On tente donc de trouver une réponse à cette
question à travers l'analyse documentaire et la lecture que font les
acteurs de la relation entre le partenariat et le mode de règlement des
différends. A cet effet, tous les acteurs rencontrés sont d'avis
qu'il n'existe pas une relation évidente entre le partenariat
pratiqué à la société d'État et le mode de
règlement des différends en raison du mode d'approvisionnement
par appel d'offres publics. De sorte que souvent, le plus bas soumissionnaire
est retenu et le règlement d'un conflit avec un fournisseur se fait
selon les mêmes procédures et avec la même philosophie
indépendamment de la nature de relation avec ce
dernier. Ainsi, peu importe la nature de la relation d'affaires, la gestion de
la chose publique exige une rigueur plus aigue que la gestion des
intérêts privés, de telle manière que toute
négociation et toute recherche de règlement doivent être
faites selon des critères objectifs et positifs. Toute entente
acceptable doit être justifiée par les clauses contractuelles, la
Loi et les règlements en vigueur. D'un autre côté, toute
concession non justifiée en droit doit être évitée
par souci d'équité par rapport aux autres soumissionnaires qui
n'ont pas été retenus pendant l'analyse de soumissions. Dans un
tel contexte, selon les gestionnaires, il est difficile de parler du
partenariat, on y voit plutôt une relation d'affaires basée sur la
maximisation des profits.
Par contre, selon trois acteurs, l'exercice d'une
véritable relation du partenariat est possible lorsqu'on choisit
librement les fournisseurs et lorsqu'on négocie avec ces derniers des
contrats à l'amiable, de gré à gré. À ce
moment, on peut envisager la médiation comme mode de règlement
des différends. Dans un tel cas, il est exigé de la
société d'État qu'elle soit en mesure de faire face
à l'apparence de conflit d'intérêts en justifiant toute
transaction et tout geste administratif dans ce sens. Par
ailleurs, un acteur affiche une méconnaissance de la médiation
commerciale à un point tel qu'il l'associe à la médiation
imposée souvent par le gouvernement pour débloquer des
négociations lors d'un conflit de travail. Dans ce cas, il la voit comme
un exercice contraignant où le médiateur intervient directement,
d'une façon accrue, dans la recherche d'une solution au conflit.

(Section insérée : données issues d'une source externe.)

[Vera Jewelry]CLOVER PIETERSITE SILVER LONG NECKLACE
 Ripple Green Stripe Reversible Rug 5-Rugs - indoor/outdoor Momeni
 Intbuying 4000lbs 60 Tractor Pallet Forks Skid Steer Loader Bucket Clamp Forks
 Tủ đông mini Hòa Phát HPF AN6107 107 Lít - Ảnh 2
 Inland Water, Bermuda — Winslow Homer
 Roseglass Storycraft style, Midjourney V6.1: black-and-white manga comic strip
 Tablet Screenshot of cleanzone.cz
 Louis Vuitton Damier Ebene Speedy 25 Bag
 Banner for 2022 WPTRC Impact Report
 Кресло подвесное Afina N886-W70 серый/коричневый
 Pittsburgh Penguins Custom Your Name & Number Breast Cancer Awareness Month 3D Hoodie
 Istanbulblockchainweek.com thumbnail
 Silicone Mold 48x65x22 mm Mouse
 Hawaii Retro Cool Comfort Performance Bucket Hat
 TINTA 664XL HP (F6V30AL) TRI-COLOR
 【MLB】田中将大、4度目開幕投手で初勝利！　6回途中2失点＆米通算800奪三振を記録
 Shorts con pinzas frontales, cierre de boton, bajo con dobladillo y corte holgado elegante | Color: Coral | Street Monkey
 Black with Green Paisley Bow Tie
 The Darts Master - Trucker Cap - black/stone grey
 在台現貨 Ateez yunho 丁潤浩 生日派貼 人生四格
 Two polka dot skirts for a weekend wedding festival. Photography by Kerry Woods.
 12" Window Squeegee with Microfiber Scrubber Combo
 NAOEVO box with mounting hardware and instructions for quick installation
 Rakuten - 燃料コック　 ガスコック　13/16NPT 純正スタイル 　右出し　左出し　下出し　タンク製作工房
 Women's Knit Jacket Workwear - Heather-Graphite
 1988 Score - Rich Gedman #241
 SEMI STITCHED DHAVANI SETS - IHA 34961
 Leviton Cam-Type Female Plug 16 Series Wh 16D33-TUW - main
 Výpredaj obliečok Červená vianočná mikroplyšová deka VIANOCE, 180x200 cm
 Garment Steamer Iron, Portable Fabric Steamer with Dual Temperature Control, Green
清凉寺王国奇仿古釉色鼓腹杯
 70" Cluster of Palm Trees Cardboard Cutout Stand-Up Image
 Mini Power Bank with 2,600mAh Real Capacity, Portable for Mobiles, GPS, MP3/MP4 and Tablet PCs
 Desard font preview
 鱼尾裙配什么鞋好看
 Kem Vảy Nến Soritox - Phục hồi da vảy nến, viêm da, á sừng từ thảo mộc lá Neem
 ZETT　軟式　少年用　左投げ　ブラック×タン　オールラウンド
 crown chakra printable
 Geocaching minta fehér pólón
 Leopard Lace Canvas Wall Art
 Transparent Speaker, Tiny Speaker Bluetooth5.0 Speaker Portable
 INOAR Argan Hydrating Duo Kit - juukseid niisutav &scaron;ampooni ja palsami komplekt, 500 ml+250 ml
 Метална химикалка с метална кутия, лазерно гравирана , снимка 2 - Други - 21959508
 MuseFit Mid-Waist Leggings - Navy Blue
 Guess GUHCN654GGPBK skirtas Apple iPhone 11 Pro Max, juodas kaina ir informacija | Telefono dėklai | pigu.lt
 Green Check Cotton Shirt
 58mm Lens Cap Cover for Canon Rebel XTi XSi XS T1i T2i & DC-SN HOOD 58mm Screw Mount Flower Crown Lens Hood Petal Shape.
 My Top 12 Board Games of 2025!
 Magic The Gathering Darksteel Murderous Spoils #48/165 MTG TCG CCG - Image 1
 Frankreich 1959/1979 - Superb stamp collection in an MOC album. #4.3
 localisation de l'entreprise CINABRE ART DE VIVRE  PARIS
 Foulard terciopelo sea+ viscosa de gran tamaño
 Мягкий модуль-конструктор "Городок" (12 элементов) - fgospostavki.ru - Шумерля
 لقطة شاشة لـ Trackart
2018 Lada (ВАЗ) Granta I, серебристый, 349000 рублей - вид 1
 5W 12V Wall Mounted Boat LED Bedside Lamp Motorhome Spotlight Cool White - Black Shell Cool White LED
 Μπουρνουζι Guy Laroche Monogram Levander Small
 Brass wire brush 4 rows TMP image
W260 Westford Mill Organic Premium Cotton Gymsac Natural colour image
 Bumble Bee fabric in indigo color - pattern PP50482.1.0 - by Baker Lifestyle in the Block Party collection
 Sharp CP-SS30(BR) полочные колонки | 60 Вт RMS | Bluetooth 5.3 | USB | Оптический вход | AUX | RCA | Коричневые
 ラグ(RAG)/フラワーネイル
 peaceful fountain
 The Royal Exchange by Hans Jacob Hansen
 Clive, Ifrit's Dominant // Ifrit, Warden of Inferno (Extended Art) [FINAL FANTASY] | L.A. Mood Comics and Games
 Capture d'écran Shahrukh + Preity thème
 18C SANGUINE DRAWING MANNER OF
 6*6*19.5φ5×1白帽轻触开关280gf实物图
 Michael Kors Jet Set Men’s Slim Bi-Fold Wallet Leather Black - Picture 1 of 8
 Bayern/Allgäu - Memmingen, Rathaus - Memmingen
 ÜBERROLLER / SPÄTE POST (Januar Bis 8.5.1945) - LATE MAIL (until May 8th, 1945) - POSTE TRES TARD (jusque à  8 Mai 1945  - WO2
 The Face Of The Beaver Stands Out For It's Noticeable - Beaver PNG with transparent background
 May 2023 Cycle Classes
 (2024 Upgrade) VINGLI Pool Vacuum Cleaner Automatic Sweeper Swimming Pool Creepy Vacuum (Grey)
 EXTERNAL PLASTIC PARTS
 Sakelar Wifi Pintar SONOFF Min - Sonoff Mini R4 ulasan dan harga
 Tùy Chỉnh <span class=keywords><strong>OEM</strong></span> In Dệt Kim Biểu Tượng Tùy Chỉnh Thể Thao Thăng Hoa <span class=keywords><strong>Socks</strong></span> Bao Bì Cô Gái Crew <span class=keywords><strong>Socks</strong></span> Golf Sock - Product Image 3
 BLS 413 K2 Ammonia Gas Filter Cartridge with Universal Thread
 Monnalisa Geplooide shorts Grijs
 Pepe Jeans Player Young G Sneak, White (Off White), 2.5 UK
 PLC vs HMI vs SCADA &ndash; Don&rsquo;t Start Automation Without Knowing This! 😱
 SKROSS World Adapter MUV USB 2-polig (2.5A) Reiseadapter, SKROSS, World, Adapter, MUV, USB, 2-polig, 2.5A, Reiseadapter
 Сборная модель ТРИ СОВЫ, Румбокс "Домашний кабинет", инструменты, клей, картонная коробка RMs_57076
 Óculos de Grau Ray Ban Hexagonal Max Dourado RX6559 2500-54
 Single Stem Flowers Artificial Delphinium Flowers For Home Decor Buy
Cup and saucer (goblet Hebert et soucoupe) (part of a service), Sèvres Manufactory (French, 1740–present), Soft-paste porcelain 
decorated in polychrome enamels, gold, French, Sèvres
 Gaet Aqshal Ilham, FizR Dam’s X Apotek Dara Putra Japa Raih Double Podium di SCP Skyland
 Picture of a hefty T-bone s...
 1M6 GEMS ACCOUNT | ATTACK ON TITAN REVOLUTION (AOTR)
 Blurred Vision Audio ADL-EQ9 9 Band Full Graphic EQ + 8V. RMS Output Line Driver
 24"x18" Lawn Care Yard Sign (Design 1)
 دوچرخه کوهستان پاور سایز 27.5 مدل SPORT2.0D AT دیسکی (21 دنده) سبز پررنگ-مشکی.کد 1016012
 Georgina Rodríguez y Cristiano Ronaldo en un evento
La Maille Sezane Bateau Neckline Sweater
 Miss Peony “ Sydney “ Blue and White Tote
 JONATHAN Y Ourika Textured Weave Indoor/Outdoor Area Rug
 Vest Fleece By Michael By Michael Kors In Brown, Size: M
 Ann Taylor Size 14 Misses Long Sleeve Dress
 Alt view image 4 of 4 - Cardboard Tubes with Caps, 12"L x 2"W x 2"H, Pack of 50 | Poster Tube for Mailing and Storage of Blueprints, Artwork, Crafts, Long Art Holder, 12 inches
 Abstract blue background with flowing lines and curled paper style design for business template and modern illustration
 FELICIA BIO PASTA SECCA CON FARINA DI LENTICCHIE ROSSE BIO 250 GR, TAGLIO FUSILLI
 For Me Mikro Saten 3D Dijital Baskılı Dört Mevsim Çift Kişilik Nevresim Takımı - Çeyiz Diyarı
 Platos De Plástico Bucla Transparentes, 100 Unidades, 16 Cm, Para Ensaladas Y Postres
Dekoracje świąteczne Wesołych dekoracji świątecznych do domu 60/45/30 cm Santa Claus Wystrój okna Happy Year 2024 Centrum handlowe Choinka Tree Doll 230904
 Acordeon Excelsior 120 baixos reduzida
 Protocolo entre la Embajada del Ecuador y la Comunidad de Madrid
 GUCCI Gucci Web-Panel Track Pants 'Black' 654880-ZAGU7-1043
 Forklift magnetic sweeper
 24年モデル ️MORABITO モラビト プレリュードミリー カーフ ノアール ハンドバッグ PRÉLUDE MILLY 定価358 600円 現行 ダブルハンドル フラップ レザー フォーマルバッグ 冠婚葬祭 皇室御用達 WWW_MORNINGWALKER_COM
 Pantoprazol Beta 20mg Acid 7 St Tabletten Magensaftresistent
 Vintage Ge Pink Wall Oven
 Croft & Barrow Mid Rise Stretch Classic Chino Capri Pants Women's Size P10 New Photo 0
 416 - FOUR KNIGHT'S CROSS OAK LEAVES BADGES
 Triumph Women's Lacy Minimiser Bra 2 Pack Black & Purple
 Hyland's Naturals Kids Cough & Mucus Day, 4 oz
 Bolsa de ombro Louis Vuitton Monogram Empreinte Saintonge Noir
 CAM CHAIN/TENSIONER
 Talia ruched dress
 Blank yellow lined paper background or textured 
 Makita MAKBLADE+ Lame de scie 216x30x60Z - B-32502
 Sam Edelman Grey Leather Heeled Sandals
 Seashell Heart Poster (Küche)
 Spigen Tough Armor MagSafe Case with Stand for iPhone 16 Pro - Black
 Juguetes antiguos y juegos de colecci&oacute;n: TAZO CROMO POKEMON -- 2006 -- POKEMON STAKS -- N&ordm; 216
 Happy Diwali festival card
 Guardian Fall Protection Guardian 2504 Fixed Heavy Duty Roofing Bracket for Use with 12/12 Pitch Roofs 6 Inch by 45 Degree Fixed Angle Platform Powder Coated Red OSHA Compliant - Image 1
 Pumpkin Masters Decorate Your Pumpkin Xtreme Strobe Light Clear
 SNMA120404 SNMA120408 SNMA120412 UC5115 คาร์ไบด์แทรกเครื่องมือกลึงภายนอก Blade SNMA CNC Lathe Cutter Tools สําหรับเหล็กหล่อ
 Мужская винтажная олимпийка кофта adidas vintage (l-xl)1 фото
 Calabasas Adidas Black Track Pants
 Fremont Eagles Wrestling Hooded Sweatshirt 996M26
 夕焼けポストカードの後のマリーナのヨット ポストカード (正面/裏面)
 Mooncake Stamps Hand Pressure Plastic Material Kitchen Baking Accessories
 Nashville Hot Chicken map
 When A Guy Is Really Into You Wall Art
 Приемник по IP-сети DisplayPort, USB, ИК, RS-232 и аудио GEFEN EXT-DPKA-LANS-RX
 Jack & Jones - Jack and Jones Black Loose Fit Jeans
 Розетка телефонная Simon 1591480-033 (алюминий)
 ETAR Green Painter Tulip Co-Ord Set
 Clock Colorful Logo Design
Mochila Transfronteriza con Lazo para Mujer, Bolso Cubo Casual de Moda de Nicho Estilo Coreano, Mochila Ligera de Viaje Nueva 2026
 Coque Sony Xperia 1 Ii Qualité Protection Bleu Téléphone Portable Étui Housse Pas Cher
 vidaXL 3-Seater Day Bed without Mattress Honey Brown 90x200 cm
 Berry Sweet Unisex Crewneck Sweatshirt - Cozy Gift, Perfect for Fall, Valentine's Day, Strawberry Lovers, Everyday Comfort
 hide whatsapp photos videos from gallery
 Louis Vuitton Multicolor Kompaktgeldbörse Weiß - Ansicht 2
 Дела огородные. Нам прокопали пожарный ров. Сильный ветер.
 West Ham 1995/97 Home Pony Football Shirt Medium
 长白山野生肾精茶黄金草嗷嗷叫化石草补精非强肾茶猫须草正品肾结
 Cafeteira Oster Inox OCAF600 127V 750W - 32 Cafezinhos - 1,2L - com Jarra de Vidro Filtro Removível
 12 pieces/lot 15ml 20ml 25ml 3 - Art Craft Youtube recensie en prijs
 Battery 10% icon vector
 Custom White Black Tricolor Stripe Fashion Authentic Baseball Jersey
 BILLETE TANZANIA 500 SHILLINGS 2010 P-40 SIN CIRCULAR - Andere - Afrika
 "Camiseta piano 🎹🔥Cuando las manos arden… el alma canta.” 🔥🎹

En conséquence, les acteurs ne voient pas la valeur
ajoutée d'inclure une clause de médiation dans les contrats, car
ils craignent d'être obligés de passer par la médiation
pour régler chaque conflit, de telle sorte que l'entrepreneur ne sente
plus l'urgence de régler ses demandes avec l'administrateur des
contrats, étant donné qu'il a la possibilité de les
régler en médiation. En effet, selon l'opinion de trois
gestionnaires, une clause de médiation incluse dans les contrats risque
de faire en sorte que les gestionnaires vont de se trouver très souvent
en médiation. Selon eux, l'inclusion d'une telle clause dans les
contrats va augmenter les coûts et peut même entraver le
règlement hors cour des différends. De plus, six
interviewés sur sept considèrent que la relation avec les
fournisseurs constitue plutôt une relation d'affaires dont les objectifs
sont plus divergents que convergents en raison de la maximisation des profits.
Ainsi, trois gestionnaires rencontrés sont d'avis qu'avant d'instaurer
une clause de médiation dans les contrats, il faut faire la
démonstration que la
nouvelle façon de faire apportera une valeur
ajoutée par rapport à la pratique usuelle. Ils résistent
au changement parce qu'ils considèrent que le mode usuel est
adéquat et ils ne voient pas l'urgence d'agir.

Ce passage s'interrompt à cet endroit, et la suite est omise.